Al fin me encontraba en ese lugar que desde niño había soñado. Lo veía seguido por televisión y ella me animaba siempre a abrir las alas. Me pedía ser un buen comentarista, quizá el mejor. Quería verme en un mundial porque, aunque no sabía nada y preguntaba siempre hacia qué lado metía gol Colombia o Boca, le apasionaba verme hablar de fútbol.
En Buenos Aires comencé una nueva vida, una muy triste. Había llegado con mi mochila abarrotada de sueños, de sonrisas y defectos. Lejos de ella podía tomar toda la cerveza que me apeteciera y desde luego vivía embelesado con los amargos besos de una Brahma. Olvidando, sea dicho de paso, que a miles de kilómetros su pelo era cada vez más blanco, sus huesos más débiles y sus dolores más ásperos.
Yo era tan feliz, tan inconsciente, tan ingenuo, tan ingrato, tan bastardo.

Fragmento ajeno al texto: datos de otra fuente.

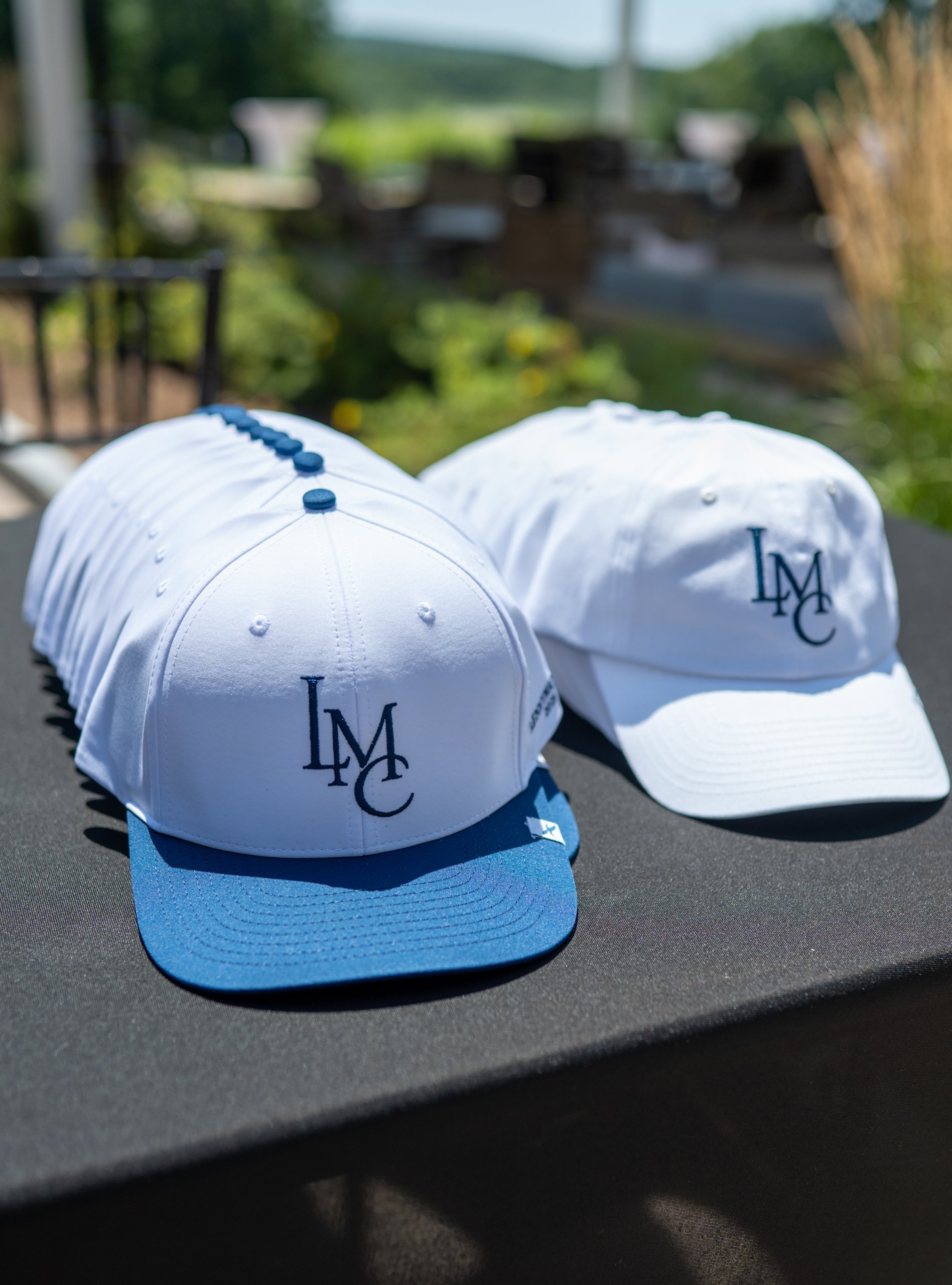 A stack of white LMC-monogram caps, one with a blue brim, displayed on the merchandise table.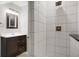 Modern bathroom boasts neutral tiling, a sleek vanity, and a walk-in shower with a rainfall showerhead at 4616 Carrollton Ave, Indianapolis, IN 46205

De tantos meses en los que vivía mi utopía no recuerdo haber escuchado su voz. Solo en una ocasión pude verla tras una cámara, con su vestido de flores y una sonrisa genuina que poco la caracterizaba. No fue precisamente porque la llamara a ella, sino porque pasaba desapercibida detrás de mi madre, con quien hablaba, llevando su plato de comida a la cocina, con el cansancio y la dificultad de quien apenas se aferra a la vida. Sus ojos se iluminaron al verme y la explosión de su mirada sigue viajando como onda infinita en el espacio de mi corazón.
Una mañana porteña, de esas radiantes y sin nubes, desayunaba tranquilo dándome la vida de un niño rico, que nunca me enseñó ella. Eran apenas las 10 y un mensaje de mi vieja presagiaba el declive de un sueño en pausa. En ese preciso momento mis mieles milongueras dejaron de ser y la realidad se volvió confusa. Hasta entonces había sido apenas una caída, un golpe en la cabeza, pero estable. Eso pensaba yo, o eso me hacían creer.

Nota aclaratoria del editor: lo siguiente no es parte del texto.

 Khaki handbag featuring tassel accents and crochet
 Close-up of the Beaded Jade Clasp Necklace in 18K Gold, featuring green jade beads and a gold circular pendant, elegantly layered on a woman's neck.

Pasó lo que nunca imaginé. Luego de unos días con zozobra por no saber qué sucedía, amenacé a mi hermana con no perdonarlos nunca si algo pasaba con ella. Mi teléfono sonó un poco más tarde de las 3 p.m. “Intente no llorar delante de ella”, dijo en voz baja. Después comenzó a hablar. No, no habló. Solo trataba. Yo hablaba con una niña de casi seis años que en realidad tenía 80. Y tampoco pude hablar, porque era tan grande su esfuerzo y tristeza que prefirió no seguir balbuceando conmigo. Entonces los odié, pero más a mí. Y lloré.
Al día siguiente de esa llamada ya no abrió los ojos. Estaba inconsciente o tal vez no. Con sus ojos clausurados se cerraron para mí las oportunidades y se abrieron heridas, unas muy nuevas y dolorosas. Yo estaba devastado porque no podía hacer nada y la culpa me corroía las entrañas. Nunca me había sentido tan desgraciado, idiota e hijueputa. Y que me perdone doña Lida si me lee.
Un domingo los doctores pidieron hablarle de forma constante porque seguramente ella escuchaba. Así que me vestí de sinceridad por primera vez y en un audio le canté. Si no te Tengo de Green Valley como si fuera mi novia y entre lágrimas. Luego le sugerí levantarse para abrazarla, para que me hiciera arepas con mantequilla y le dije que la amaba. “Cristian, le salieron dos lágrimas cuando dijiste lo de las arepas”, dijo mi hermana. Nueve horas después el mensaje de mamá: “Rey, se nos fue la abuela”.
Justamente hoy son cuatro años de su muerte. Hoy seré un profesional y ella no está para compartirlo conmigo.